A legal lender usually determines the amount and interest of the credit based on the profile of the client and the purpose of the loan, so an offer that is too attractive without a prior study is at least suspicious.
They will ask to pay in advance
No legitimate lender will ask for the advance payment of any commission or upfront fees. None.
It does not matter if they request the payment of an opening or management commission or if it is the payment of insurance-linked to a credit or even their fees. If the lender requests any type of money upfront or cash before handing over the money, be it under whatever pretext, you have to be suspicious, as it is likely a scam.
Sometimes many of these would-be lenders will demand payment through companies like Western Union, which makes it easy to send and receive money from abroad.
When this happens, the common thing is that the scammed person doesn’t hear about them again when they have been sent or worse, that the scammer asks for even more money.
They don’t care about the solvency
It is another hook that false lenders use, because, unlike what happens with credit institutions or serious lenders, they do not care about the financial situation of users and promise large sums of money without even evaluating the risk involved in lending. that amount.
They don’t offer you a contract with the conditions
All credit that is contracted should be supported by a contract that includes its conditions: its interest rate, the term, the monthly payment to be paid, and the commissions.
Before granting any type of loan or demanding payment, a serious lender must offer a prior contract that collects all this information.

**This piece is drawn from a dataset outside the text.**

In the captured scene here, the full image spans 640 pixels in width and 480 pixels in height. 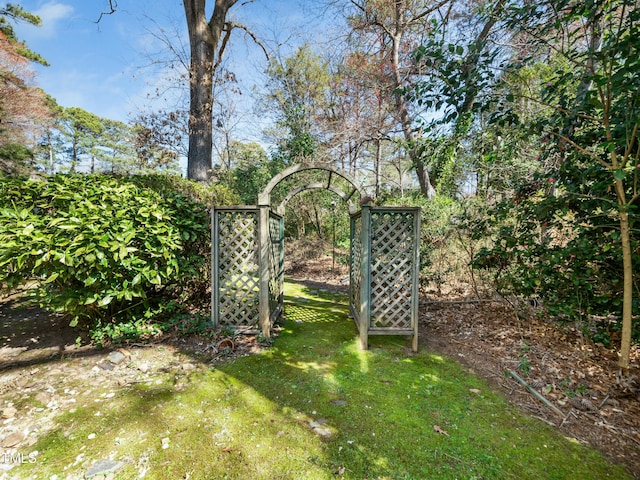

If they offer a contract, it must be analyzed carefully. For example, if the lender is American, but the contract is written in another language, you have to be careful.
The best thing you can do if you are the victim of a financial scam is to file a complaint and keep proof that you were indeed scammed.
Keeping the evidence is very important because without any type of evidence it is very difficult for a complaint to be processed.
Once the report is made, the corresponding entities should comply with everything necessary to find the scammer, and in this way have your money back.
The best thing to do when choosing a lender for financing is to go only to legitimate entities and distrust those lenders who offer their loans through informal channels (social networks, forums, e-mail) and who promise to deliver large amounts of money with a very cheap interest.
The best personal loans on the market will allow you to get money at the best rate with the guarantee of being a client of legitimate lenders.